Bag om Vagaries and Varieties in Constitutional Interpretation
The classic study of historical and then-emerging ways in which the U.S. Constitution has been interpreted and applied, especially as regards judicial power to review congressional acts, sharing of power between states and the federal government, Lochnerism, changes to the Supreme Court during the Roosevelt years, taxing power, and interstate commerce. Quid Pro's new presentation makes the work accessible.

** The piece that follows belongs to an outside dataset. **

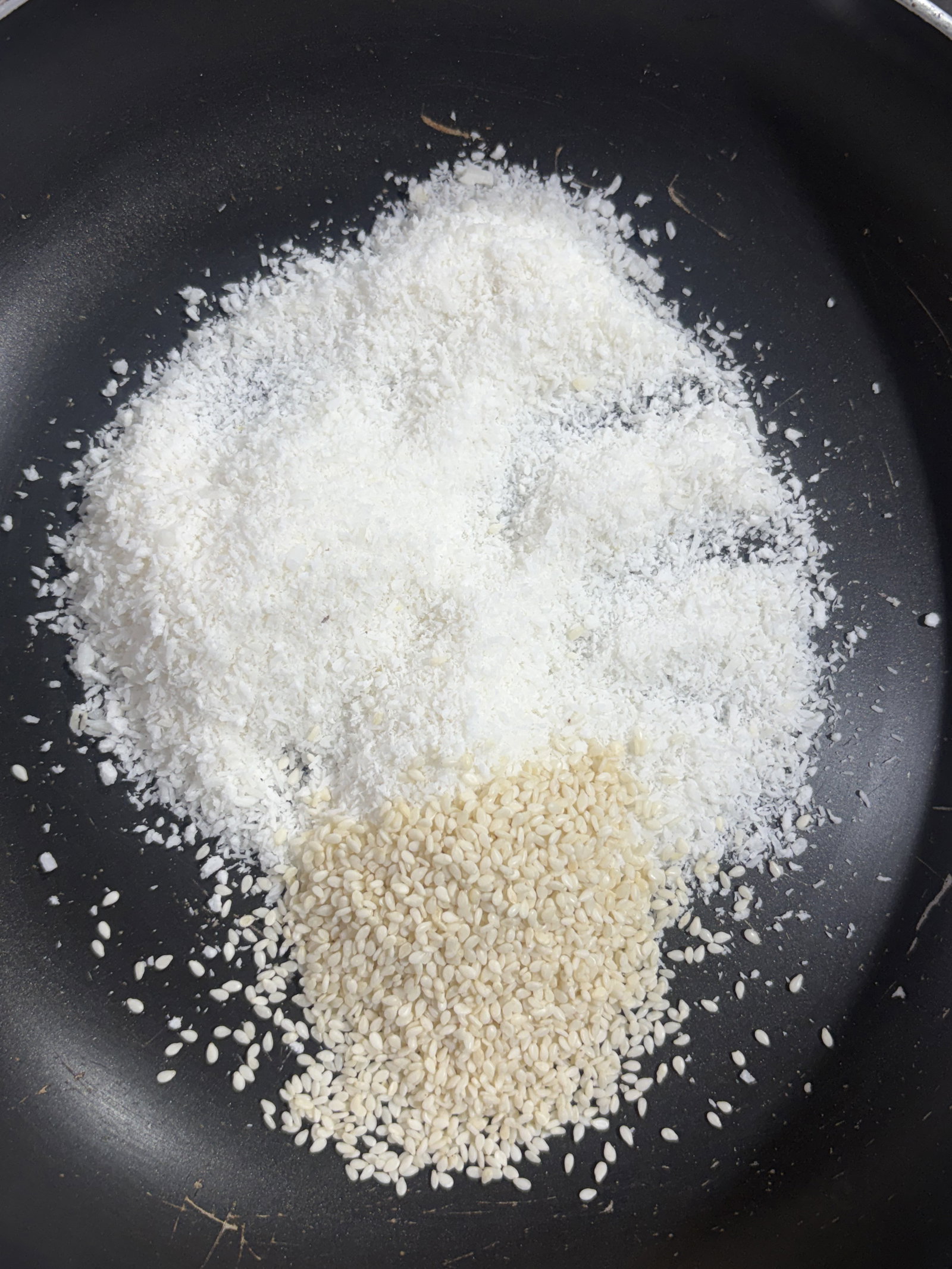 Step 1.1: In a pan over low heat, dry roast the desiccated coconut and sesame seeds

Thomas Reed Powell presented these insights first as lectures at Columbia Law School. Their enduring nature and historical insider-ness makes them of continuing interest to law professors and students, historians, and political scientists who see constitutional structure-and not only rights and liberties-as crucial to understanding politics, the federal-state balance, and the infusion of government into economic life.
Powell was valued not only in law but also taught political science; he edited political journals, seeing pragmatic approaches to constitutional questions that went beyond legal doctrine. His writing style is pithy, witty, and straightforward. Summing up a career of constitutional scholarship in six insightful lectures, Powell turned the resulting book into his legacy.
The Legal Legends edition from Quid Pro Books features modern formatting and presentation-but also embeds the original book's pagination, for continuity and proper referencing. It includes new Notes of the Series Editor by Steven Alan Childress, J.D., Ph.D., a senior law professor at Tulane University.